Proprio grazie al suo importante patrimonio che il clan è riuscito e riesce a mantenere ancora il vincolo dell’omertà fra i suoi associati. Le numerose offensive dello Stato contro il clan, non sono mai state corroborate da collaboratori di giustizia di rilievo.
Clan Fabbrocino: i fatti recenti
Il 23 aprile 2019, Mario Fabbrocino è morto in un ospedale di Parma, la città dove era detenuto. Il 28 aprile 2019 è stato sepolto nel cimitero di Ottaviano, con una breve cerimonia privata dopo che erano stati negati i funerali pubblici.
Nel giugno del 2019 sono stati condannati, a pene che vanno da un massimo di 12 anni e 4 mesi ad un minimo di 8 mesi e 10 giorni di reclusione, dieci appartenenti del clan, tra cui il boss di San Giuseppe Vesuviano Francesco Maturo, reggente del clan, al quale è stata inflitta una condanna ad anni 11 e mesi 4 di detenzione, e Valerio Bifulco, condannato a 12 anni e 4 mesi, ritenuto l’intermediario e l’uomo di fiducia negli affari dei Fabbrocino.

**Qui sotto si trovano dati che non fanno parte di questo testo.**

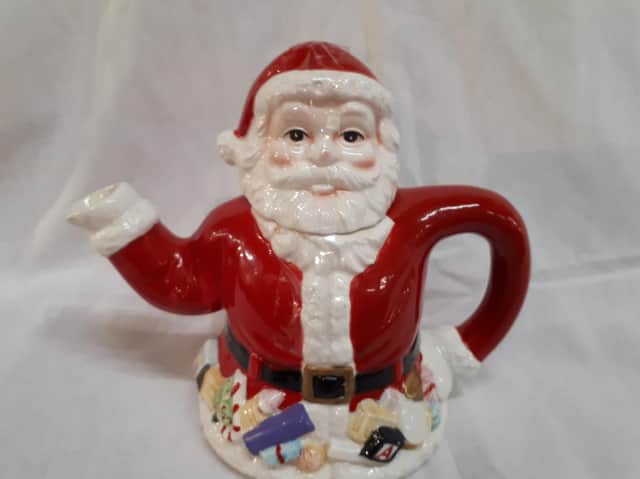 This jolly Santa teapot would brighten any Christmas table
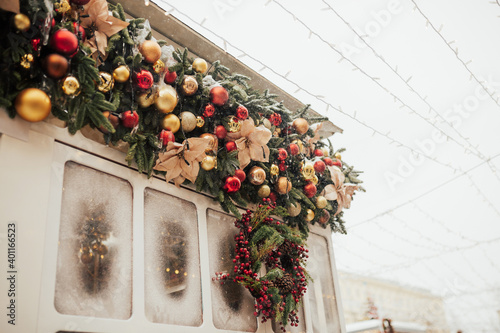 Cozy Christmas decor. Red and golden balls and Christmas wreath on store front or building facade. Christmas festive street decor, holiday winter fair.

Il 29 novembre 2019, la Dia di Napoli ha eseguito un decreto di sequestro a carico di Franco Matrone, presunto boss del clan Fabbrocino, già in passato, unitamente ad altri esponenti del clan, arrestato per aver fatto parte dell’organizzazione.
Dall’indagine, denominata “Fulcro”, è emerso come i Fabbrocino, supportati dal clan Bifulco, una “filiale” dei primi, esercitavano il predominio sul territorio, attraverso estorsioni in danno di imprenditori e commercianti, il controllo degli appalti pubblici e la turbativa delle aste, per l’acquisizione a prezzi di favore di beni di ingente valore economico.
È inoltre stato appurato che i Fabbrocino avevano investito i proventi delle loro attività illecite nel settore dell’abbigliamento e del commercio di alimenti e che la loro influenza, oltre che in Campania, si era oramai estesa in molte altre regioni italiane, come la Calabria, il Lazio,l’Abruzzo, l’Umbria, l’Emilia-Romagna, le Marche e la Lombardia.